First, the systemic danger: AI-written code scales complexity without human understanding. As complexity rises, the defect close rate drops, and token burn per defect skyrockets. Eventually, every AI change introduces more bugs than it fixes—a death spiral. Second, the cultural danger: it devalues real expertise. An engineer who understands why a migration failed may be replaced by someone who just asks the AI again.
But there's a more insidious effect: the erosion of learning. When you skip the struggle of debugging, you never build mental models. The AI becomes a crutch that atrophies the muscle of reasoning. Over time, the company becomes dependent on a black box it can't maintain or improve.
A Litmus Test for Responsible AI Use
If you're building software with AI, here's a practical test: can you explain every line of code the AI generated?

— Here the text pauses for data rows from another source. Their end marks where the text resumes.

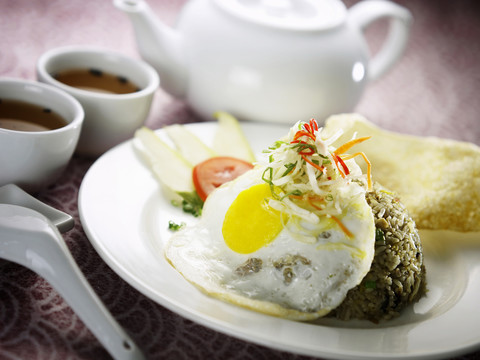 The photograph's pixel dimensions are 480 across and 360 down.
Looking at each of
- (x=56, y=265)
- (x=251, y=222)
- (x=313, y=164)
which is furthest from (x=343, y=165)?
(x=56, y=265)

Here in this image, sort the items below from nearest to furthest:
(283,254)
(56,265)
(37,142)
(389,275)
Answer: (56,265) → (283,254) → (389,275) → (37,142)

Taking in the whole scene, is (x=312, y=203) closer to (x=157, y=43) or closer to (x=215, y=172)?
(x=215, y=172)

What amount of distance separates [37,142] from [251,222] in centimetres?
101

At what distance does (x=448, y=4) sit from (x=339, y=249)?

If not, you're not building—you're assembling LEGO blocks that might snap.
Consider an AI-generated function to handle user authentication:
def login(request):
user = User.query.filter_by(email=request.form['email']).first()
if user and check_password_hash(user.password, request.form['password']):
session['user_id'] = user.id
return redirect('/dashboard')
return abort(401)
This looks fine, but what about timing attacks? The prompt probably didn't mention them. An experienced developer would use compare_digest for password comparison. AI won't unless explicitly asked. The lesson: never treat AI output as final.
For companies, the fix is process. Treat AI-generated code like a junior developer's pull request: review it, test it, and force explanations. Maintain ownership. If you can't understand your codebase without AI, you've lost control.
The Future: Rescue Consulting or Skepticism Hygiene?
If you're a solo founder shipping features with AI to hit a deadline, you're at risk—but you likely already know it. If you're a tech lead or CTO, you should be terrified. The teams that survive will develop a hygiene of skepticism: prompt, review, reason, own. Everyone else will be paying for AI rescue consulting within two years. Ignore this at your codebase's peril.